When I try to understand people's behavior, I find it useful to think holistically. Humans are immensely complex, and aspects of our lives that seem unrelated can often be subtly intertwined.
It was with this thought in mind that I was thinking today about a loose trend I've noticed of people increasingly making bizarre, reckless, or self-defeating decisions in all sorts of different contexts. And I realized that we (the west, at least) are in a place right now of massive cognitive dissonance due to COVID on a scale we haven't seen since at least the last pandemic. By any objective measure, it's profoundly unsafe to even approximate pre-pandemic life; but doing so has also become the unquestioned norm for the majority of people.
This is unavoidably going to have an effect on our mass psyche. I imagine we'll need to wait at least a decade to start to understand the full ramifications of, but I think it's fair to surmise that some amount of the day-to-day nuttiness we see around us is driven by people living a life that simply doesn't make sense but which they can't really imagine an alternative to.

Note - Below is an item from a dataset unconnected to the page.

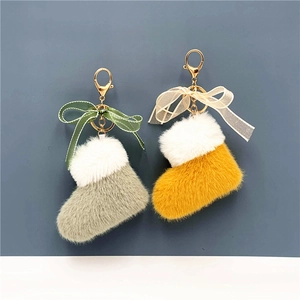 Detailed plush Christmas boot keychains in light green and yellow with ribbon bows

Side note: I want to acknowledge that pervasive cognitive dissonance is and has always been the status quo of life under capitalism for many well-documented reasons. But much of that cognitive dissonance is around the treatment of other people, which for better or for worse can be fairly easily resolved by just imagining the other as non-human and thus devoid of moral worth. COVID focuses the same level of harm-worship onto people's own lives which is much harder to wave away with knee-jerk tribalism.